The Privy Council held that Alternative III was the proper interpretation of this clause. Alternative I was rejected as being inconsistent with the word “may” and the choice or election inherent in that word. Accordingly, the triggering of the clause required some election by the defendant. The question was, what kind of election: the commencement of an arbitration by the defendant, or some election short of that?

Alternative II was rejected as inconsistent with commercial common sense. It did not make sense for the defendant to be required to commence an arbitration itself when the defendant may not wish to have any proceedings, may have no claim to assert and would have to assert a negative declaration. As long as the defendant made a clear election for arbitration, that should be sufficient to trigger the arbitration clause.

Accordingly, since the defendant had by its conduct made a clear election for arbitration, the Privy Council stayed the action.

Discussion

This decision is a useful one for Canadian construction law because it confirms the line of cases that holding that using the word “may” in an arbitration clause does not mean that the arbitration clause is entirely permissive, so that agreement to arbitrate of both parties is necessary at the time the dispute arises. Indeed, the Privy Council did not even canvas this alternative.

Nor does the word “may” in an arbitration clause give rise to mandatory arbitration clause. The word is too permissive to be given that interpretation.

Rather, the word “may” will usually give rise to what might be called an “opt in” or “elective” arbitration clause, under which either party may elect arbitration. If that party does so on a proper and timely basis, then arbitration is mandatory. In this case, the dispute was whether that proper and timely basis required the defendant to itself start an arbitration. The Privy Council held that it was not.

Interestingly, one of the main decisions upon which the Privy Council relied is the decision of the Ontario Court of Appeal in Canadian National Railway v Lovat Tunnel Equipment Inc. (1999), 174 D.L.R. (4th) 385. In that case, the arbitration clause simply said that “the parties may refer any dispute under this Agreement to arbitration, in accordance with the Arbitration Act of Ontario.” In staying the action, Ontario Court of Appeal held that the words “ the parties may” meant that:

“either party may refer a dispute to binding arbitration and arbitration then becomes mandatory. Failing such an election by one of the parties, the matters in dispute can be resolved in the courts.”

This issue is of importance to building contracts in Canada. Thus, GC 8.2.6 of the CCDC 2 Stipulated Price Contract says that, after certain preliminaries including notice and mediation, “either party may refer the dispute to be finally resolved by arbitration….”

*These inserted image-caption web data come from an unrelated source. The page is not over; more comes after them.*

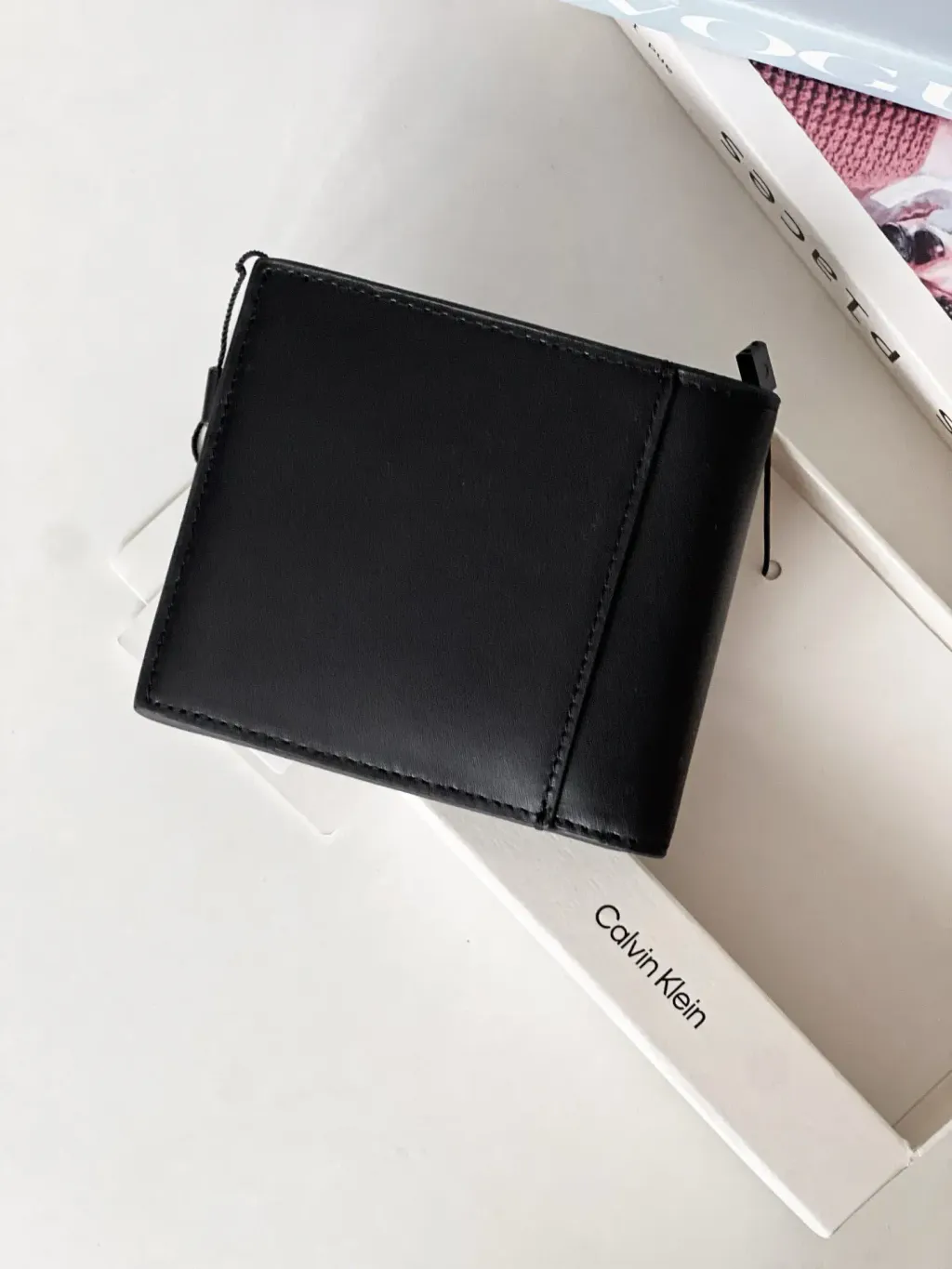 JuzBeauty_JuzBeautyMalaysia_JuzPretty_Authentic_Kbeauty_Malaysia_Skin_Care_Cosmetics_K-beauty_Health_Care_korean_streetwear_CALVIN KLEIN 4300144136 Men Wallet Boxed in Black 男款钱包1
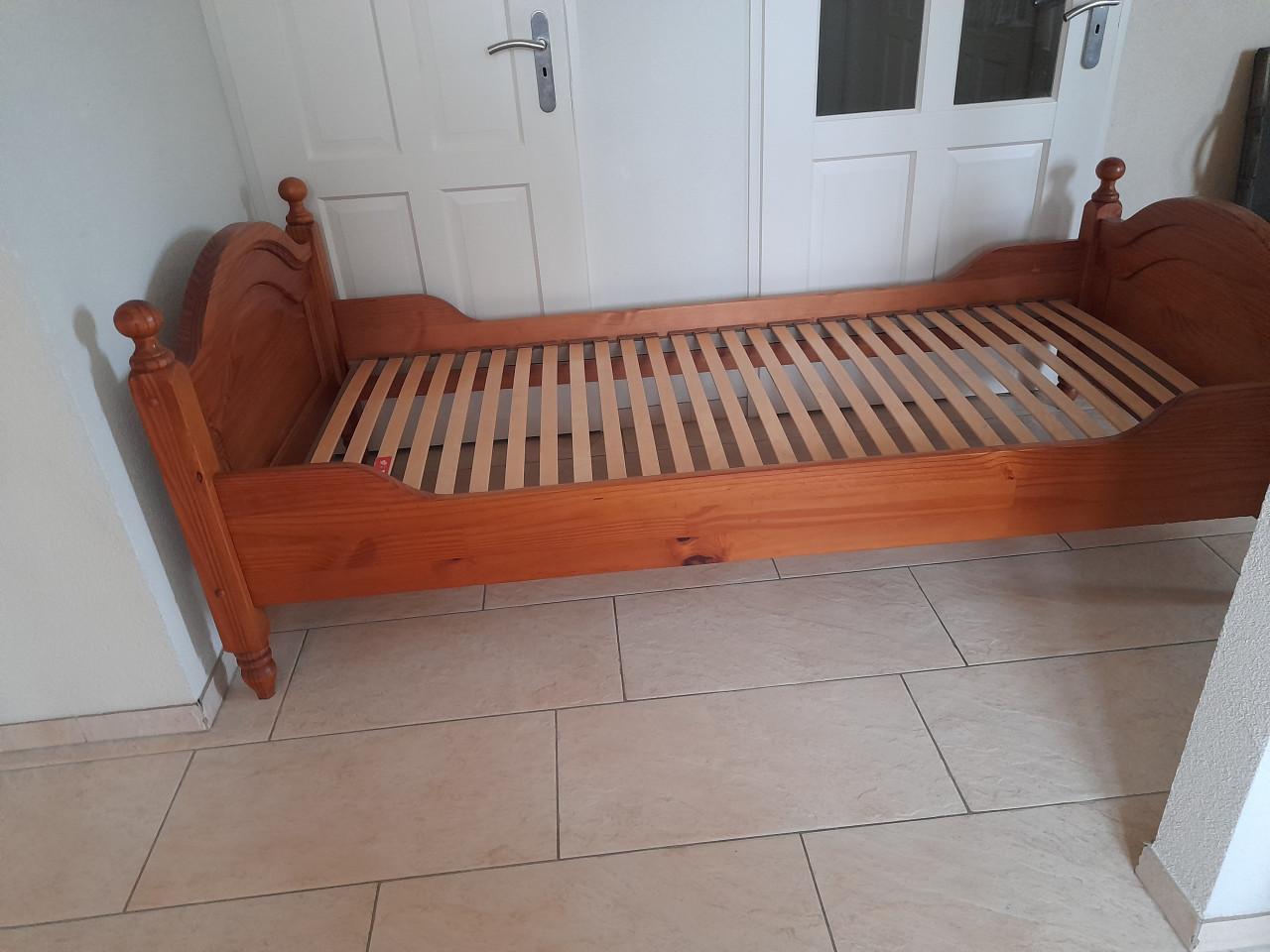 Massief houten bed 90 x 200 ( in goede staat )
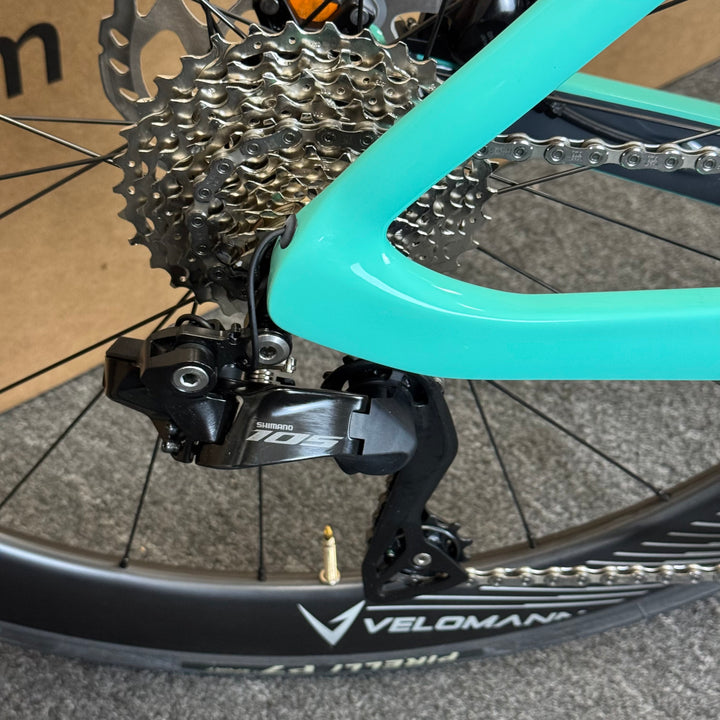 New Bianchi Oltre Comp, 12-speed Shimano 105, Carbon Fiber Road Bike-2024, 50cm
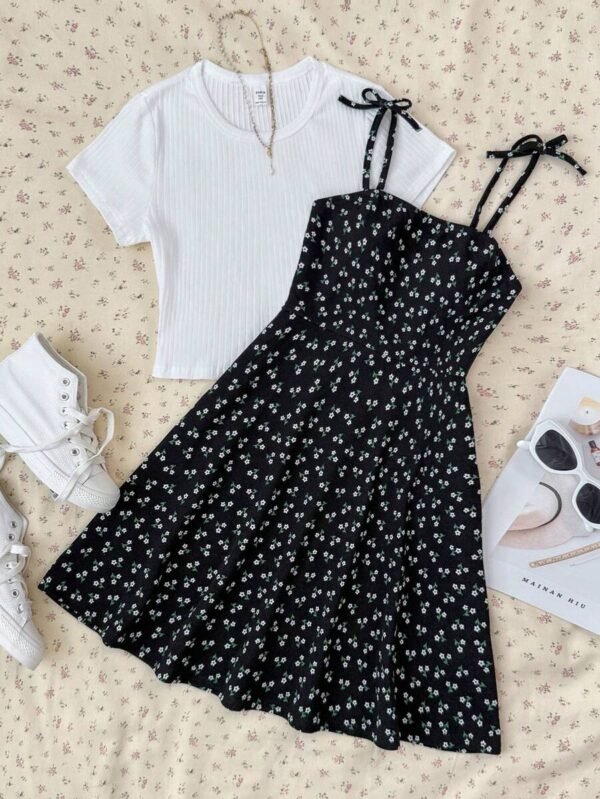 Camiseta corta ajustada de punto blanca y vestido de tirantes con flores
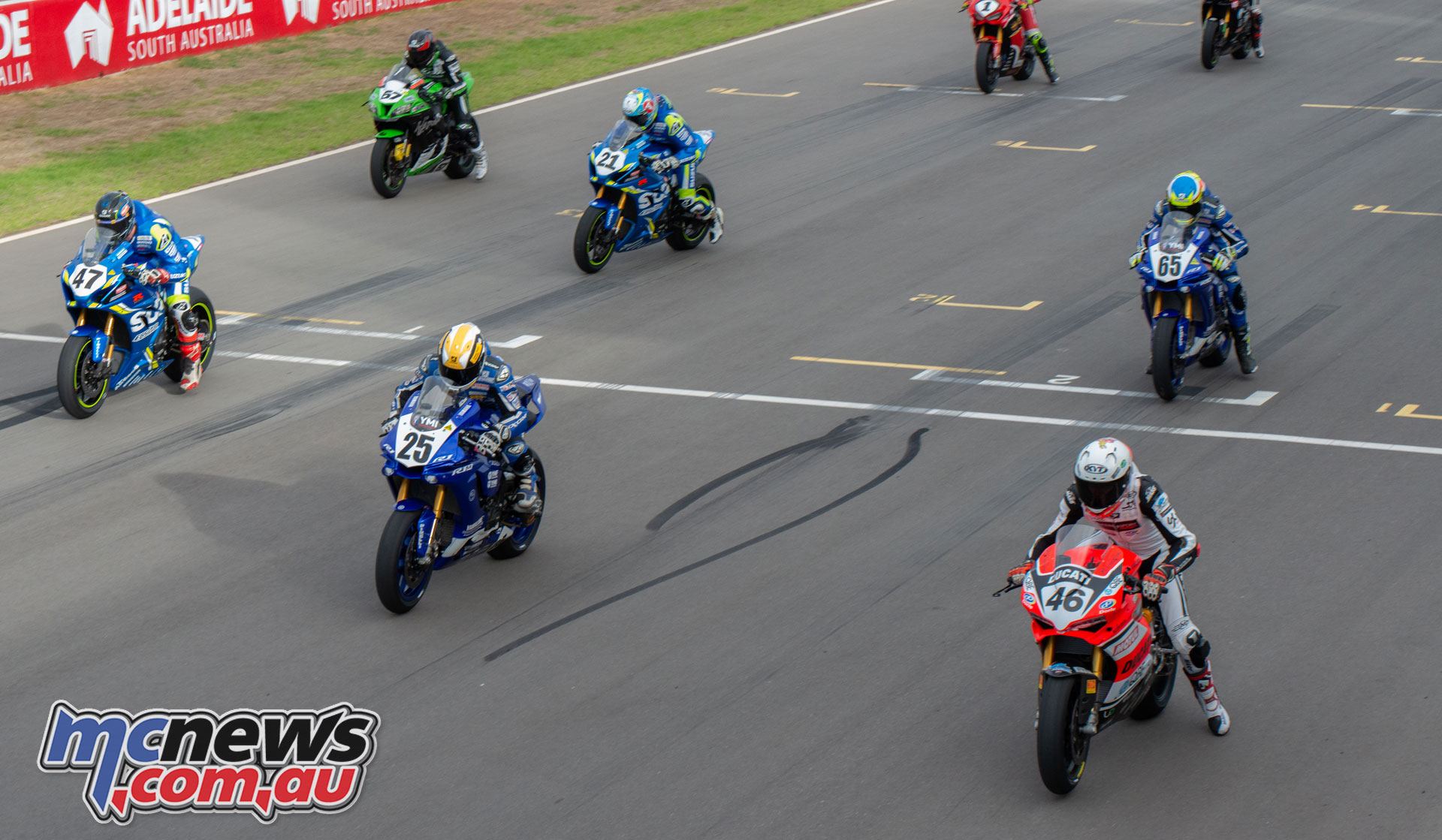 ASBK Rnd The Bend RbMotoLens SBK R Start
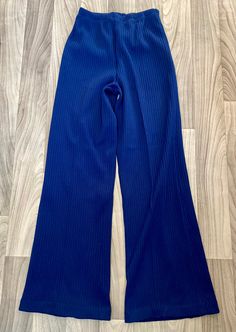 "Vintage 1970's blue poly/acrylic pants with elastic waist made by Whistlers.  23.5\" waist unstretched, 32\" inseam, 41.5\" length, 13.5\" rise.  Unworn deadstock with original tags, great condition!" Spring Blue Ribbed Bottoms, Bellbottom Pants, Pants With Elastic Waist, Womens Leggings, Bell Bottom Pants, Whistler, Outfits With Leggings, Vintage 1970s, Cincinnati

There are Canadian decisions all over the map on this issue. Some have held that the word “may” creates a purely permissive regime obliging neither party to arbitrate. Some hold that it creates a mandatory regime. The more recent decisions seem to adopt the approach in Canadian National Railway v. Lovat Tunnel Equipment Inc. Based upon the present Privy Council decision in Anzen Limited and others v. Hermes One Limited, the latter is the proper interpretation.

See Heintzman and Goldsmith on Canadian Building Contracts, 5th ed. Chapter 11, part 3(c)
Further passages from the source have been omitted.